Basel SO/Davies review – crisp Mozart, languid Stravinsky and a whiz through Ravel

Dennis Russell Davies.
Inscrutable … Dennis Russell Davies. Photograph: Benno Hunziker

It’s a measure of the strength of the relationship that Dennis Russell Davies has with his Basel Symphony Orchestra that their short British tour, plus a date in Dublin, features slightly different programmes at each venue. Most visiting ensembles play safer.

At Cheltenham, they began with Mozart’s Symphony in G major, No 32, whose form is more overture than symphony, though the young Amadeus was categoric in his title and wrote for an unusually big wind lineup, with four horns. Davies shaped crisp phrasing; there was only minimal string vibrato but plenty of character.

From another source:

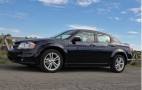 2011 Dodge Avenger: First Drive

Alice Sara Ott was the soloist in Ravel’s Piano Concerto in G and, since Ravel’s admiration for Mozart knew no bounds, this was a natural pairing. A slight unsteadiness dogged the first movement, but Ott’s gently understated approach to the Adagio captured its misty lyricism, though she was whizzing round the keyboard by the finale.

The most awkward aspect was that for much of the audience, bar those in the gallery, Ott was well-nigh invisible. Needing to marshal massive forces for their main work, Stravinsky’s Le Sacré du Printemps, strings and woodwind were playing at floor level along with the piano. Only a sheen of Ott hair and the flash of silver on her right index finger matched up with the sound.

The Basel musicians’ corporate discipline overcame the disadvantage, but this languidly French take on Stravinsky was at times almost sedate. Davies – a curious presence on the podium, inscrutable with occasional flowery flourishes of the baton – made the ballet’s ritual thread somewhat tame. Instead, this became a night for the percussion: the relatively empty stage beneath gave their every blow extra reverberation, fierce and raw.